Thanks to Lisa for another wonderfully written great case and prompting discussion at SIDM !
Art

Art Papier MD
CEO VisualDx
Associate Professor of Dermatology and Medical Informatics
University of Rochester
From: Edward Hoffer [mailto:ehoffer at GMAIL.COM]
Sent: Sunday, February 18, 2018 6:40 PM
To: IMPROVEDX at LIST.IMPROVEDIAGNOSIS.ORG<mailto:IMPROVEDX at LIST.IMPROVEDIAGNOSIS.ORG>
Subject: Re: [IMPROVEDX] NYTimes: Her Various Symptoms Seemed Unrelated. Then One Doctor Put It All Together.

This story makes a very good case for the use of computer-based diagnostic decision support systems.

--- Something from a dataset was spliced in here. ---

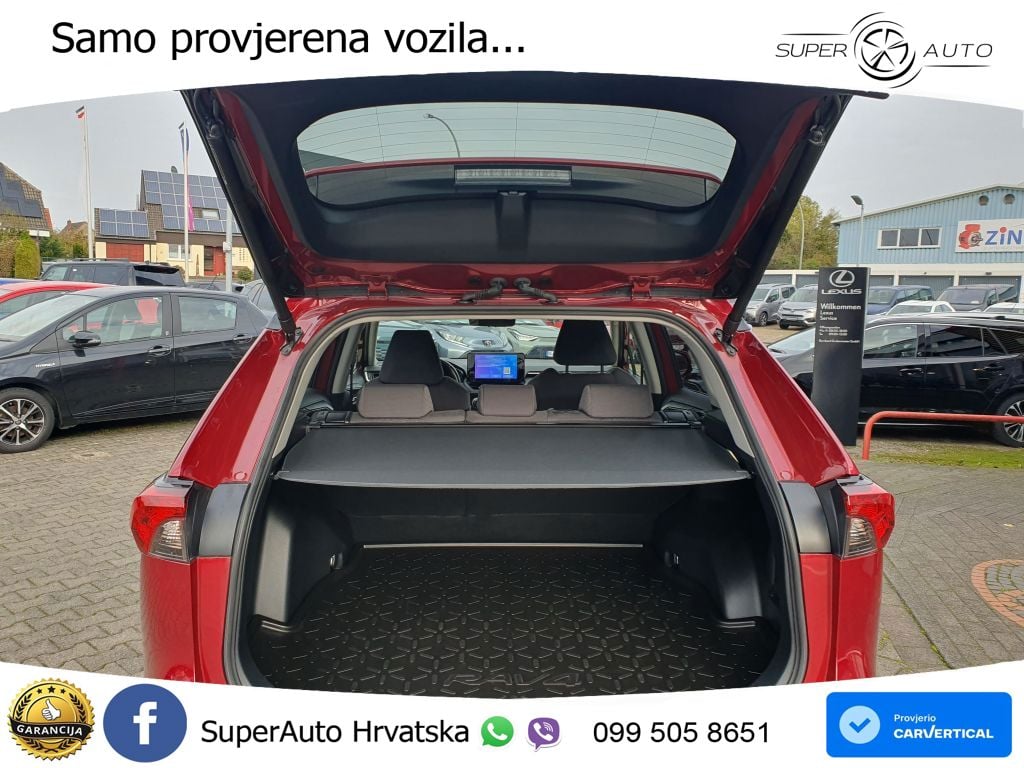 Toyota RAV4 2.5 (218 KS) Hybrid eCVT LED+GR SJED+ACC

I entered the findings into the one with which I work, DXplain, and Schnitzler's came in ranked #1 I did not try Isabel, but would not be surprised if it also had the correct diagnosis near the top. Much easier than spending the reported "hours" in PubMed that the hero expended to arrive at the correct diagnosis.
Ed
Edward P Hoffer MD, FACC, FACP

On Sun, Feb 18, 2018 at 9:16 AM, Joe Graedon <jgraedon at gmail.com<mailto:jgraedon at gmail.com>> wrote:
https://www.nytimes.com/2018/02/14/magazine/her-various-symptoms-seemed-unrelated-then-one-doctor-put-it-all-together.html?smprod=nytcore-ipad&smid=nytcore-ipad-share

Chills, sweats, hives, achey bones — the older woman was sick for years before someone figured out the unusual disease that ailed her.